• _Work instructions_:
Set down every record below exactly as it stands, leaving out the pictures.

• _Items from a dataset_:
----------------

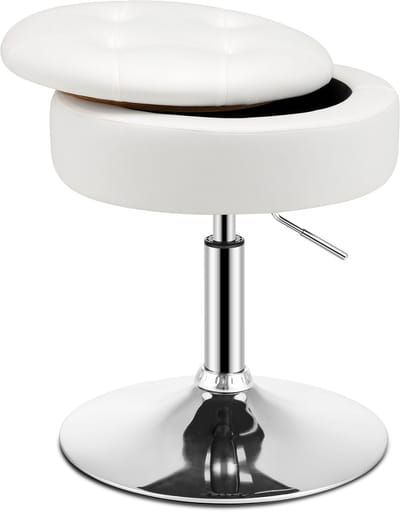 COSTWAY Make-upkruk, 360 graden draaibaar, make-uptafel, kruk met opbergruimte, zithoogte 51-66 cm, zitkruk, bureaukruk gevoerd, barkruk rond, modern (wit)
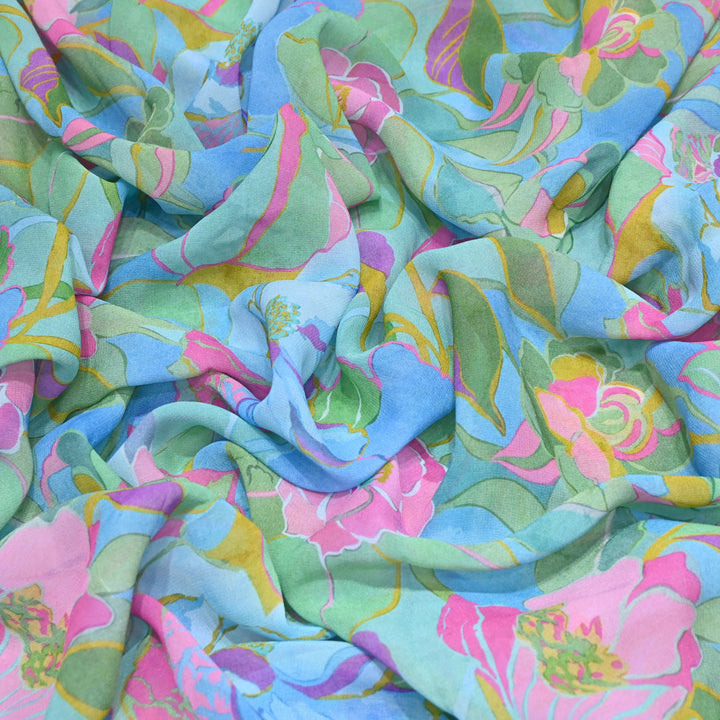 Viscose Georgette Digital Print Fabric | Designer Fabric | 000586-08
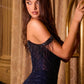 Ladivine CC324 Dress Off The Shoulder Beaded Fitted Prom Gown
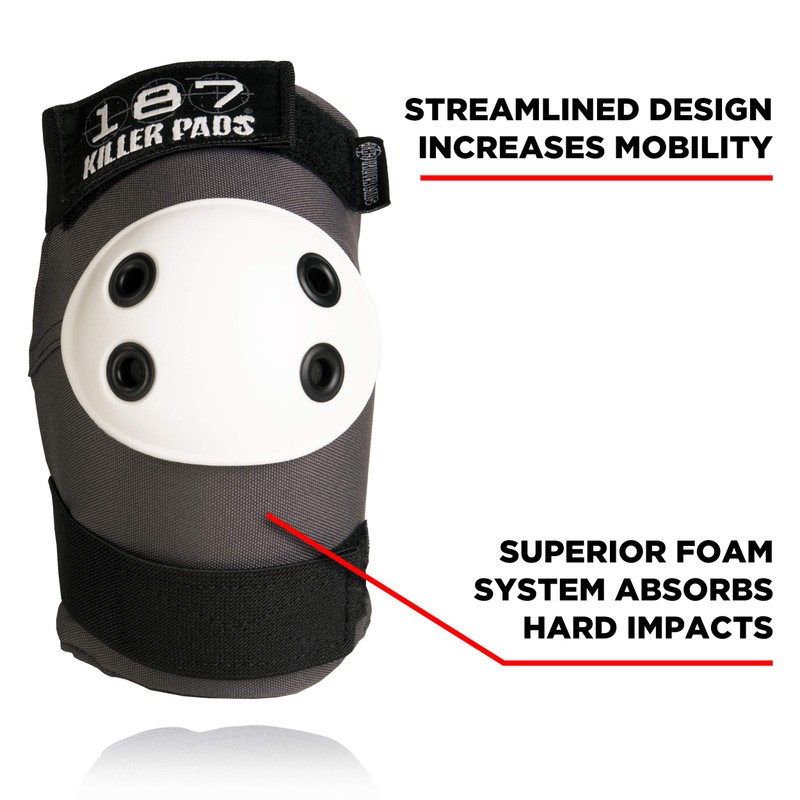 187 Killer Pads Elbow Pads, X-Large, Grey/White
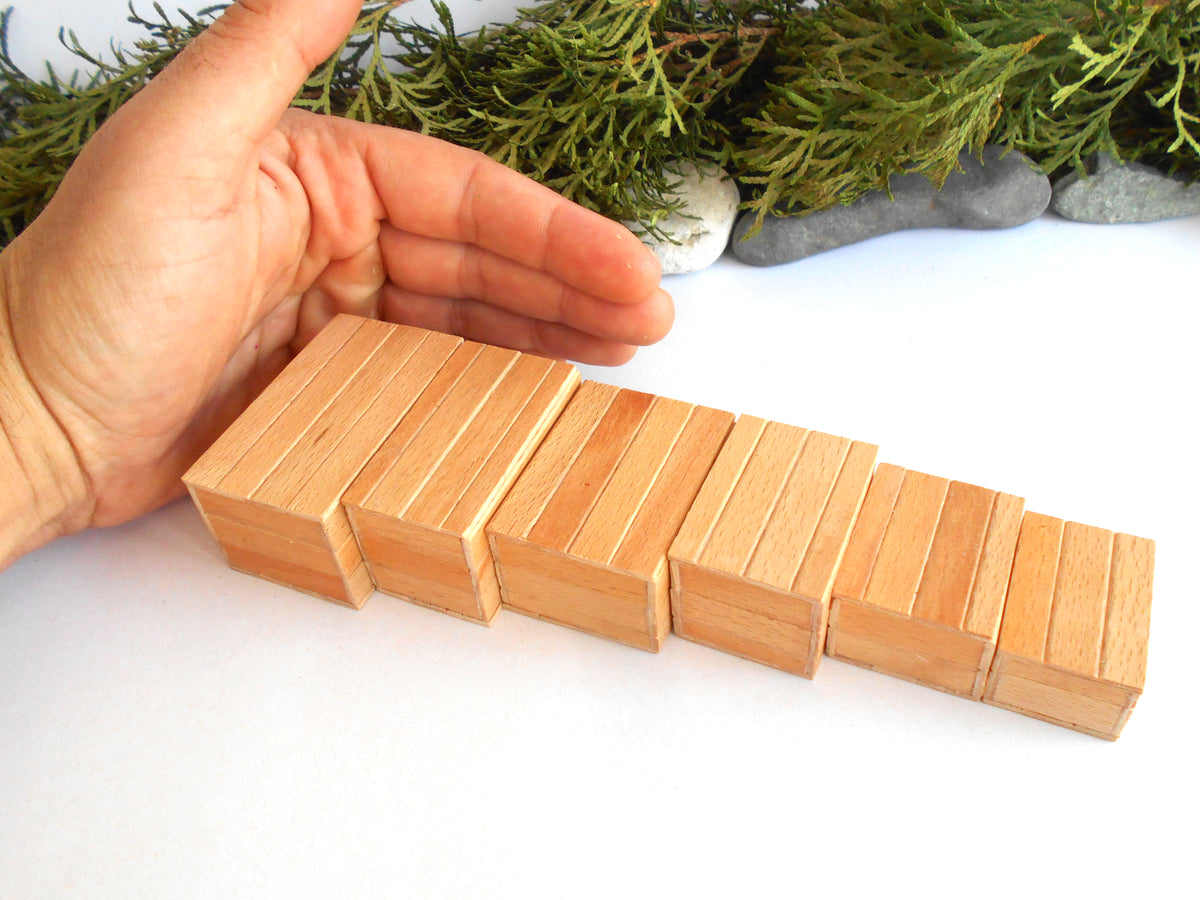 A hand is shown beside a row of small rectangular wooden miniature boxes on a white surface, with greenery and stones in the background.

----------------

• _Expected output_:
 COSTWAY Make-upkruk, 360 graden draaibaar, make-uptafel, kruk met opbergruimte, zithoogte 51-66 cm, zitkruk, bureaukruk gevoerd, barkruk rond, modern (wit)
 Viscose Georgette Digital Print Fabric | Designer Fabric | 000586-08
 Ladivine CC324 Dress Off The Shoulder Beaded Fitted Prom Gown
 187 Killer Pads Elbow Pads, X-Large, Grey/White
 A hand is shown beside a row of small rectangular wooden miniature boxes on a white surface, with greenery and stones in the background.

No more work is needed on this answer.